Of course, an online register will be provided within a software package that permits a researcher to search for words across the whole register. If time permits, archivists can add controlled-vocabulary index or subject terms to permit searching by subject.
The basic tool for the creation of an online register is coded markup language, the very thing discussed by Susan Hockey, my predecessor at this podium. Susan Hockey and her Text Encoding Initiative (TEI) coworkers have been very helpful to American Memory; three years ago, they convinced us of the potency of markup schemes and American Memory adopted the TEI guidelines for the conversion of historical texts.
I would also like to tip my hat to Daniel Pitti from the University of California, Berkeley, and a participant in this meeting. Daniel Pitti has developed a set of very sophisticated models for online registers using Standard Generalized Markup Language (SGML). The preliminary American Memory mockups employ the hypertext markup language (HTML) associated with today's commonplace implementations of the World Wide Web, but we share Pitti's preference for SGML. [FOOTNOTE: We would not call the hierarchical access tool we have prepared for the American Memory WPA Federal Writers' Project collection (the only example that we have on the Internet at this writing) a register. The Writers' Project finding aid has a special, even, eccentric, form due to certain exigencies that arose in the course of its preparation. We think it works fine, but are not proposing it as a model.]
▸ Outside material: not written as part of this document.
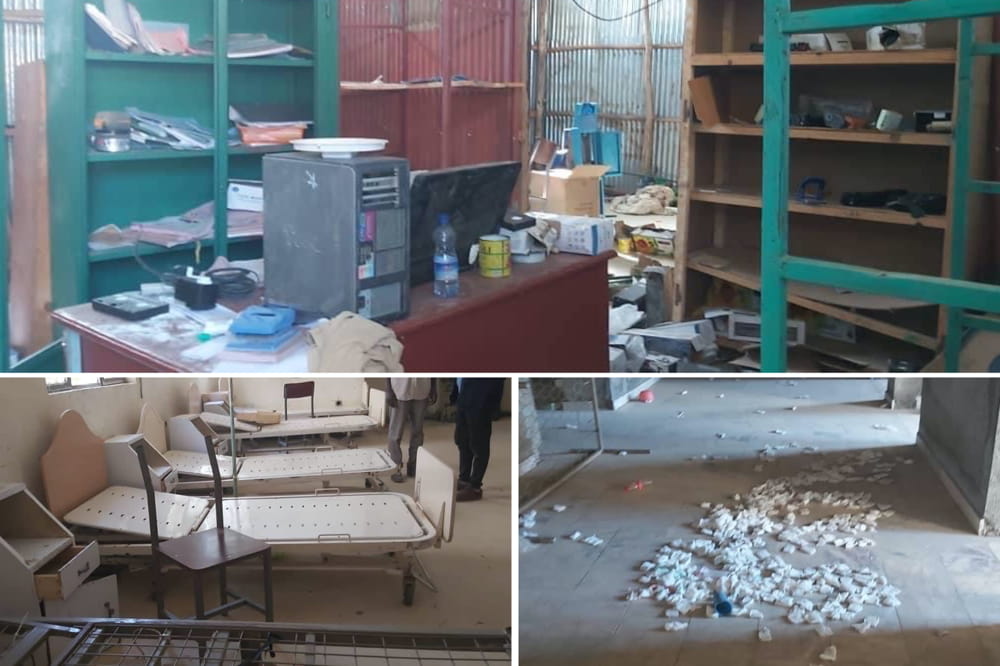 a collage showing devastation of war on hospital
Having heard how we assembled and framed our rooms, i.e, individual collections, you may ask about the larger edifice. What happens when a collection framed by a register coexists with a collection framed by a database? Shall we catalog the collection of collections? If so, would such a metacatalog provide research access via collection-level records, the full texts for home-pages, or by some other means? When a researcher is choosing a collection to consult, will he or she be able to take advantage of the "inside-collection" indexes derived from finding-aid bibliographic records, online registers, or the full texts of items within the collections? How easy will it be for researchers to compare and contrast items in different collections? How will our ensemble of archival collections play off against a typical OPAC catalog of monographs and serials, some of which may also be reproduced in digital form?
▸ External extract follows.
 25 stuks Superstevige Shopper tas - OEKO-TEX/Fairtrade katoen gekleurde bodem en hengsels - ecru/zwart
Our answers to these questions are very tentative; in fact, we look to meetings like this one for guidance. Less tentative is our sense that neither the Library of Congress nor any other institution will have the resources to construct perfect searchable entities. Fortunately, the world at large is constructing facile and sophisticated searching tools, and we look forward to the application of those tools to our complex and diverse materials.
During the American Memory pilot and in parallel efforts carried out by the Prints and Photographs Division, Library staff members have experimented with bibliographic-record databases. To some degree, the records in these databases vary from those customarily produced for, say, monographs. I will warn that few of our experiments have been fully realized; this report is meant to provide a few snapshots of our activity.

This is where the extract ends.